**Activity**
Repeat only the lines from the one holding "保育園の園庭に車がダイブ！（画像は『FOX 12 Oregon　2019年7月22日付「Police: Tesla" down to the last line of the listing below, including both of those lines.

**The input**

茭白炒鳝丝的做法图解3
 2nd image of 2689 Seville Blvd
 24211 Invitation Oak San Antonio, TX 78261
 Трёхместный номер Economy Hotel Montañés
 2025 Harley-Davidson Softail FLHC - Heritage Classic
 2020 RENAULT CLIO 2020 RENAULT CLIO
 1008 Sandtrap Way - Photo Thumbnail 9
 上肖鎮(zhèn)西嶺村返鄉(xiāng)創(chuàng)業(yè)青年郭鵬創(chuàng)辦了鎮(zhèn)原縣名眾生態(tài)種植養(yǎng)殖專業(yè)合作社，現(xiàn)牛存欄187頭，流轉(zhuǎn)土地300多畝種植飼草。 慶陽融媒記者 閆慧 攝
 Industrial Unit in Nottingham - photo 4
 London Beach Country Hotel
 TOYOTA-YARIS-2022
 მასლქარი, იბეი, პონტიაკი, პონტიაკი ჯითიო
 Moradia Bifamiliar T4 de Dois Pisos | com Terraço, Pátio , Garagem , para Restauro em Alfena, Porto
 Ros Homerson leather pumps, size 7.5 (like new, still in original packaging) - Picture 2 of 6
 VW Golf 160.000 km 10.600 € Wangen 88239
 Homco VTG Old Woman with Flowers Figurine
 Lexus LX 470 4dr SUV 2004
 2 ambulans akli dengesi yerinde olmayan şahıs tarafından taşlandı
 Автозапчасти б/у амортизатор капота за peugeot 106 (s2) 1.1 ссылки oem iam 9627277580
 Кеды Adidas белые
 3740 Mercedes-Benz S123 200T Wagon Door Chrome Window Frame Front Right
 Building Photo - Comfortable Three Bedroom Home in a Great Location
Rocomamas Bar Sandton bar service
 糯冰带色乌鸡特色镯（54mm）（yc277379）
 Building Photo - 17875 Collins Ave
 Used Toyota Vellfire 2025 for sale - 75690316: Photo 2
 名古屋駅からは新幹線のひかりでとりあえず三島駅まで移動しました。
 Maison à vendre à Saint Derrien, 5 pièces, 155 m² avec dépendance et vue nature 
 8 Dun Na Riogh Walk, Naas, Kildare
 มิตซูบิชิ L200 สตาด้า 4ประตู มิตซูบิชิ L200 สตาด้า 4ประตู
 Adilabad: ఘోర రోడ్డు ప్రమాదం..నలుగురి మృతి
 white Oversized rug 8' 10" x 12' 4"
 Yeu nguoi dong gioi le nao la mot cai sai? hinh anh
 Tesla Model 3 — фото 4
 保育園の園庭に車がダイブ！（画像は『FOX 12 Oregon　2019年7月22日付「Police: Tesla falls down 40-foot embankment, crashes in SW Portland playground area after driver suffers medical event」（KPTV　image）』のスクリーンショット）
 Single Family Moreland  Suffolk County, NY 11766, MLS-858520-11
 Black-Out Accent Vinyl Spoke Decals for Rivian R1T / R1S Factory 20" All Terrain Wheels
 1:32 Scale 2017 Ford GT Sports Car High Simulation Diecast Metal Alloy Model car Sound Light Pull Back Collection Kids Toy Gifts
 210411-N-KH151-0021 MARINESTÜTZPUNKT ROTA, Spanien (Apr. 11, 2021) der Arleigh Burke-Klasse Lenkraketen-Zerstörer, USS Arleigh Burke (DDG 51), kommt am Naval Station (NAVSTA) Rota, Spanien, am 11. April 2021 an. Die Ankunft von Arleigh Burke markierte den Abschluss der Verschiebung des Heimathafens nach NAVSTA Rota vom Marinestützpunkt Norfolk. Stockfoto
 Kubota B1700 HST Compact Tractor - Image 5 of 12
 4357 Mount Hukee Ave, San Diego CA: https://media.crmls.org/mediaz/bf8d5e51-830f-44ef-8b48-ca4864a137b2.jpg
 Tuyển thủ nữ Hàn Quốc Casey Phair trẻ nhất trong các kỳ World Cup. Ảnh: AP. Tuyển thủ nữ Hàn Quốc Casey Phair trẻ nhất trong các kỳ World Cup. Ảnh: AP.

**Answer for the task**
 保育園の園庭に車がダイブ！（画像は『FOX 12 Oregon　2019年7月22日付「Police: Tesla falls down 40-foot embankment, crashes in SW Portland playground area after driver suffers medical event」（KPTV　image）』のスクリーンショット）
 Single Family Moreland  Suffolk County, NY 11766, MLS-858520-11
 Black-Out Accent Vinyl Spoke Decals for Rivian R1T / R1S Factory 20" All Terrain Wheels
 1:32 Scale 2017 Ford GT Sports Car High Simulation Diecast Metal Alloy Model car Sound Light Pull Back Collection Kids Toy Gifts
 210411-N-KH151-0021 MARINESTÜTZPUNKT ROTA, Spanien (Apr. 11, 2021) der Arleigh Burke-Klasse Lenkraketen-Zerstörer, USS Arleigh Burke (DDG 51), kommt am Naval Station (NAVSTA) Rota, Spanien, am 11. April 2021 an. Die Ankunft von Arleigh Burke markierte den Abschluss der Verschiebung des Heimathafens nach NAVSTA Rota vom Marinestützpunkt Norfolk. Stockfoto
 Kubota B1700 HST Compact Tractor - Image 5 of 12
 4357 Mount Hukee Ave, San Diego CA: https://media.crmls.org/mediaz/bf8d5e51-830f-44ef-8b48-ca4864a137b2.jpg
 Tuyển thủ nữ Hàn Quốc Casey Phair trẻ nhất trong các kỳ World Cup. Ảnh: AP. Tuyển thủ nữ Hàn Quốc Casey Phair trẻ nhất trong các kỳ World Cup. Ảnh: AP.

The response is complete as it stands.